Entre mis preferidas está la estrategia del dictado divino, una revelación o epifanía, que es otra forma de decir sagrado, inmutable: un título cuya autoridad yace más allá de toda objeción. Desafortunadamente su efecto se evapora con el tiempo. Los títulos visionarios quedan obsoletos porque rara vez el poema logra satisfacer las expectativas del lector. Sin embargo existen excepciones, textos clásicos que han logrado sobrevivir a pesar de la retitulación pomposa de quienes comerciaron el poema. Es el caso de Dante. Es sabido que La divina comedia no se llamó siempre de esa manera. En el Canto XVI del Infierno, Dante la llama simplemente La comedia, pero los libreros de entonces fueron cambiando el título gracias a la importancia que comenzó a adquirir la página del título (así la llaman en inglés, nosotros la conocemos como portadilla). Las portadillas se usaron para la autopromoción del impresor, con grabados, grecas, lemas y otros adornos llenos de virtuosismo. Esto condujo, naturalmente, a adornar el título. En 1512,
la edición que se conoce como Stagnino (el nombre de su impresor), en la portadilla anuncia el texto de la siguiente manera: “Las obras del divino poeta Dante”. Un caso de publicidad engañosa, porque nos lleva a pensar que el libro contiene las obras completas, cuando sólo tiene La comedia. Diez años antes, el mismo libro era titulado, en portadillas nuevamente, como La Rimaterza de Dante (o tercetos rimados), socavando, de entrada, el prestigio del texto publicado. Nosotros conocemos al poema con el adjetivo “divina” gracias a una edición crítica de 1555, pero más tarde se pierde, incluso llega a mutar y en el siglo XVII se le conoce como La visión.

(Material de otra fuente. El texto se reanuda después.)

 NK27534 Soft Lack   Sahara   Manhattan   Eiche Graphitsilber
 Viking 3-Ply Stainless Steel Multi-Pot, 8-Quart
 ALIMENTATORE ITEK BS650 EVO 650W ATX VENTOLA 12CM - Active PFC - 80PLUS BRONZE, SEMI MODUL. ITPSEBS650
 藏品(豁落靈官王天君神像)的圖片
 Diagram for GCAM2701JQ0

Raúl Zurita, siglos después, necesitó un título para su propia versión del infierno. Se trataba de su primer libro, aceptado para publicación por Editorial Universitaria, pero aún sin título definitivo. Zurita quería hablar del infierno, pero sin nombrarlo. Llegó a la conclusión de que la única forma de hacerlo era con el siguiente título: Mein Kampf. En su momento odió a Eduardo Anguita, su editor, quien lo obligó a cambiarlo por Purgatorio.

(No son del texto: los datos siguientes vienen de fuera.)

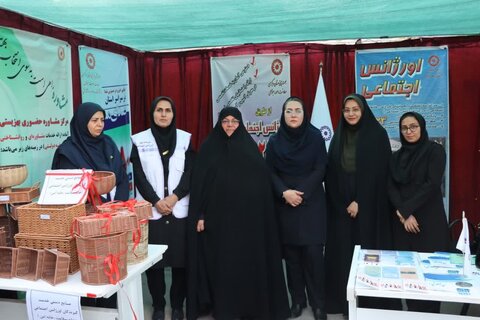 گزارش تصویری اافتتاحیه نمایشگاه تشکل های مردم نهاد استان مرکزی 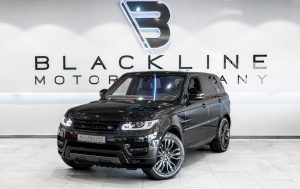 2017 Land Rover Range Rover Sport HSE Dynamic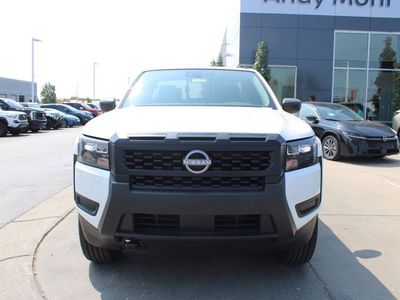 2026 Nissan Frontier — side profile view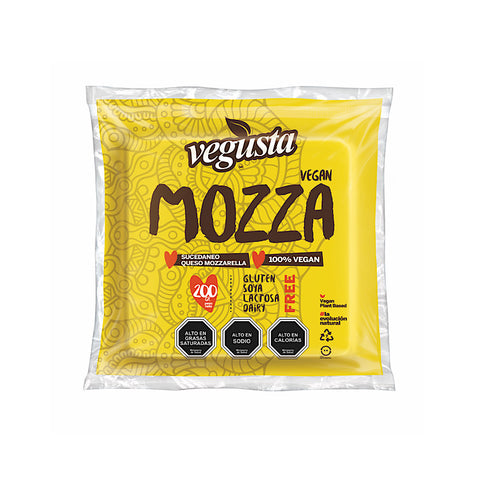 Queso Vegetal Laminado Tipo Mozzarella 200g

El título suele ser el último paso en la composición de un texto. En el caso de un poema –un tipo de texto que a menudo comienza sin un plan– la búsqueda de un título puede llegar a ser un rompecabezas, una gimnasia intelectual que se esfuerza por canalizar todas las dimensiones en juego: aspectos lingüísticos, semánticos, gráficos y sonoros. En este contexto es que el engaño merece atención. Hablo de la estrategia de seducción por medio del ingenio, del falso indicio, una especie de decepción para entusiasmar al lector. Aquí no hay una relación de autoridad, sino un juego de poder, en el cual el autor maneja información y el lector sospecha, pero se deja llevar sólo por curiosidad, porque quiere ser emboscado. Versos de Salón (1962), de Nicanor Parra, fue sin duda un acierto como título. Hace pensar en lo que el autor ahora llama discurso cuico, cuando en realidad es un libro que propinó un nuevo golpe a la cátedra (y no en sentido figurado) usando la frase hecha, el habla coloquial. Lo que se escucha en la calle entra a ese salón camuflado en el título. El salón es la clave. Pero Parra estuvo a punto de equivocarse. Confiesa que en su momento coqueteó con títulos como Salón de belleza o Pan pan, vino vino, en cuyo caso habría inaugurado el panpanvinismo, dice, en serio y en broma.